In keeping with my recent data science theme, Ben Lorica has a nice post up on how to nurture data scientists. While his post focusses on data scientists in commercial organizations, the post has some very relevant points for bioinformaticians.
After working in companies both large and small, it’s clear to me that the strict separation of tasks is the major obstacle faced by data scientists. The most common manifestation is the separation between data analysis and data management. In many large companies, most analysts/statisticians have to wait for data from a designated data warehousing team, and in a lot of cases they wait for data from multiple owners of different data warehouses.
Neil pointed to another bit
To nurture data scientists, companies need to focus more on culture and organizational structure. Many data workers have enough skills and training to quickly become productive in multiple areas of data intelligence. The problem is that most don’t work in environments that encourage them to become data scientists. They’re stuck in silos and limited to one or two areas of data intelligence.
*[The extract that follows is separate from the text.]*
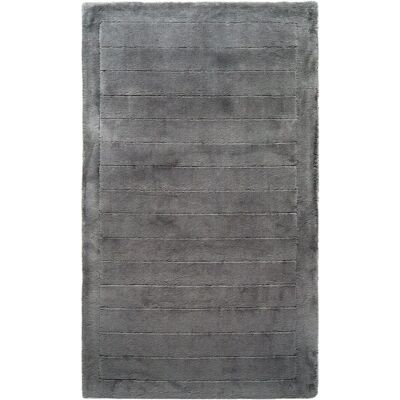 EGERIA Line Badematte - Rechteckig, 60x100cm, Baumwolle, Grau EGERIA Line Badematte - Rechteckig, 60x100cm, Baumwolle, Grau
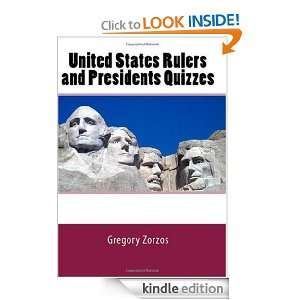   and Presidents Quizzes Gregory Zorzos  Kindle Store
Often, they’re restricted to use tools “approved” by their managers.
When I wrote about the biological data scientists, one of the points I was trying to make was that advanced data analysis requires a set of skills that are not easily transferable to bench scientists or biologists who want to retrieve specific, limited, pieces of informations. While at a particular point in time different people in a company or lab might focus on different aspects of the task, a data scientist needs to be capable of carrying out different aspects of the task. Ben covers these different aspects as well.
- data acquisition: this might entail writing custom parsers and web crawlers, or scripts that target specific web services or API’s for non-traditional data sources.
- data management: ETL, manipulate, query, and maintain data in databases, key-value stores, or Hadoop.
- information visualization: uncovering patterns through the use of static visualization toolkits and/or interactive platforms based on Flash or Javascript.
- analytics: this can range from simple to complex techniques in multivariate statistics, machine-learning, and NLP.
- insight: extract, summarize, and present key findings to a broad audience.
We need to rethink how we approach data as bioinformaticians. It will not be acceptable to be considered a bioinformatician with skills that don’t cover at least a good chunk of the skills described above. But to get there, we need to change our idea of the role of bioinformaticians and of the value of the large volumes of data we are generating.